There are some of the very obvious examples of his misogyny and lack of regards for women’s rights in the country. Of course we all remember that in 2006, Khan voted against the Protection of Women’s Rights Bill which was meant to amend the archaic Hudood Ordinances enacted during General Zia-ul-Haq’s dictatorship in the seventies. According to the Hudood laws, women can be jailed for pre-marital sex or adultery. Just women, mind you. The laws also requires women to produce four male witnesses in a rape case, making it further difficult for women to report rape in the first place.

Read: Why women hesitate taking sexual harassment cases to court

Then, when the PML-N announced a bill that protected women from domestic violence in 2016, Khan announced that the Council of Islamic Ideology (CII) would have to vet it out first to make sure the bill wasn’t ‘un-Islamic’. Yes, CII is the same council that suggested that husbands should be allowed to “lightly beat their wives” if need be.

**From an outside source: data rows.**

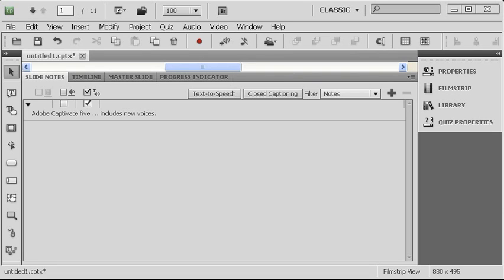So with this particular version of Captivate, we've now included some additional voices that were not included in previous versions.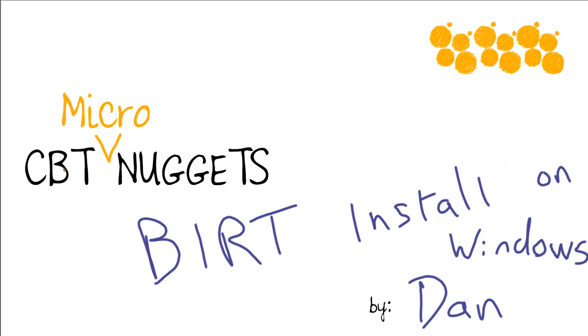BIRT install on Windows. BIRT stands for Business Intelligence Reporting Tool.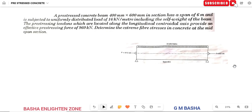Hello friends, welcome to our channel. In this lecture I would like to explain another topic: a pre-stressed concrete beam 400 mm by 600 mm in section has a span of 6 meters and is subjected to a UDL of 16 kN per meter including the self-weight of the beam. The pre-stressed tendons located along the longitudinal centroidal axis provide an effective pre-stressing force of 960 kN. Determine the extreme fiber stresses in concrete at the mid-span section.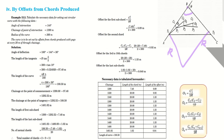This method is by offsets from chords produced. The first step is to find the angle of deflection. Here we have the angle of intersection given, and from that we can find the angle of reflection (deflection angle).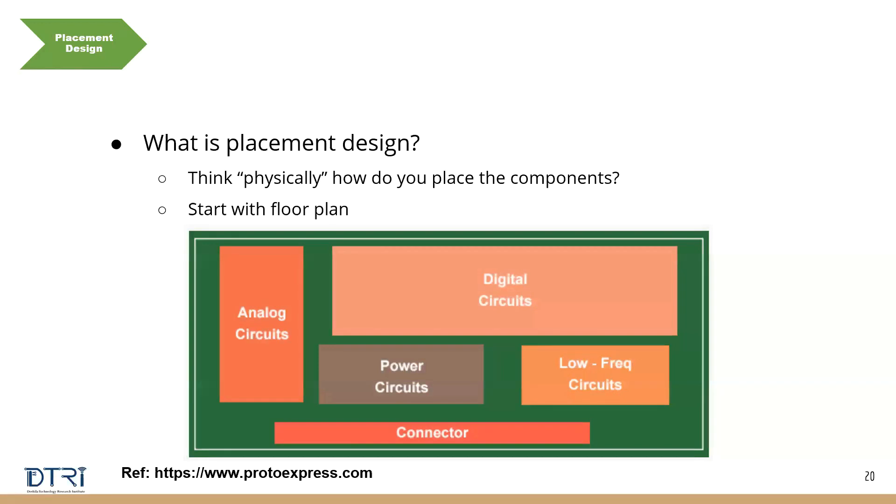And someone also said that you have to look at the space constraint. That is a very valuable answer because in today's world, many of the consumer devices are very sleek, very thin, small. They have to fit into your pocket. They have to sit on your wrist like a smartwatch. So the size is very small. So you need to ensure that you use very less space and fit all these things together. So this is called as placement design.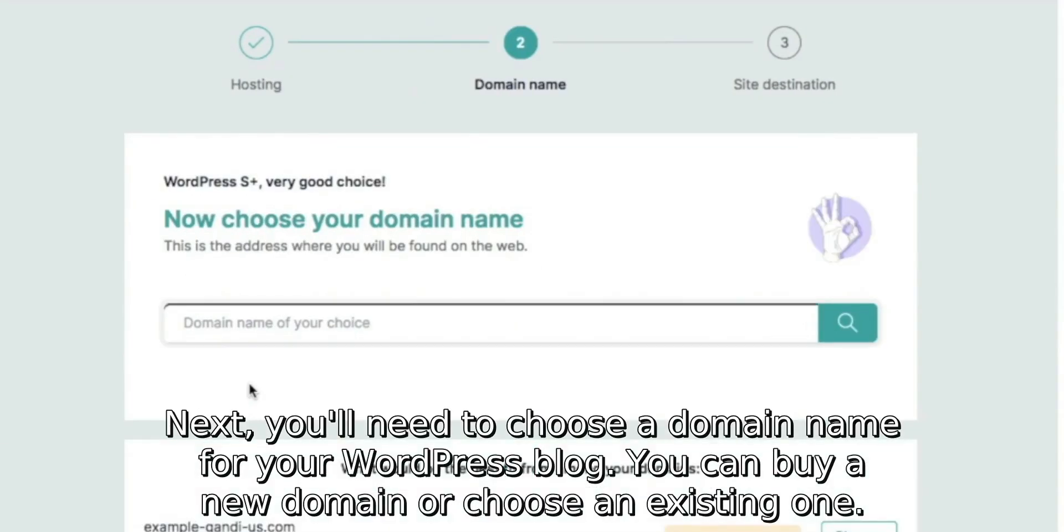Next, you'll need to choose a domain name for your WordPress blog. You can buy a new domain or choose an existing one.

Recently, he made it worse when he decided to express his somewhat limited thoughts on feminism when he said that feminism in the West was degrading the role of motherhood.

But another interview made me realise that Khan isn’t simply trying to appease his right-wing supporters with the stances that he takes, but that he is simply inherently patriarchal. He reduces women and their role in the world to very simplistic notions. “I have gradually realised that although I know more about physical attraction than anyone else, actually the character of a person and the mind, the intellect, is much more important than the physical, because in my experience that has the smallest shelf life,” he said in an interview with the Daily Mail. “That is what keeps the interest,” he added. Does that mean that before his third marriage to Bushra Maneka, his other two wives, Jemima Khan and Reham Khan weren’t intelligent, or were they not able to ‘keep his interest’? Cringing at the thought of what this little excerpt implies.

Read: Famous women, here’s how feminism affects you

Keeping Khan’s track record in mind, here’s what I’m truly afraid of. Violence against women will go ignored; we won’t see any relevant legislations that effectively address incidents of rape and sexual harassment against women. Women might be controlled beyond belief regarding how to live their lives, including the way they dress and the professions they choose to pursue. But most of all, we are scared to see the extent to which Khan will go to keep his right-wing extremist supporters happy. How many laws regarding the protection of women will be sent to CII for their approval? Whether or not you support Imran Khan, you cannot deny that right-wing politicians aren’t interested in seeing Pakistani women empowered.

Of course I’m scared, to see what Khan will do once he is in power. But I’m also hopeful that while Khan’s policies might have stayed the same over the years, women of this country have grown stronger and smarter and they will stand up for themselves when the time comes.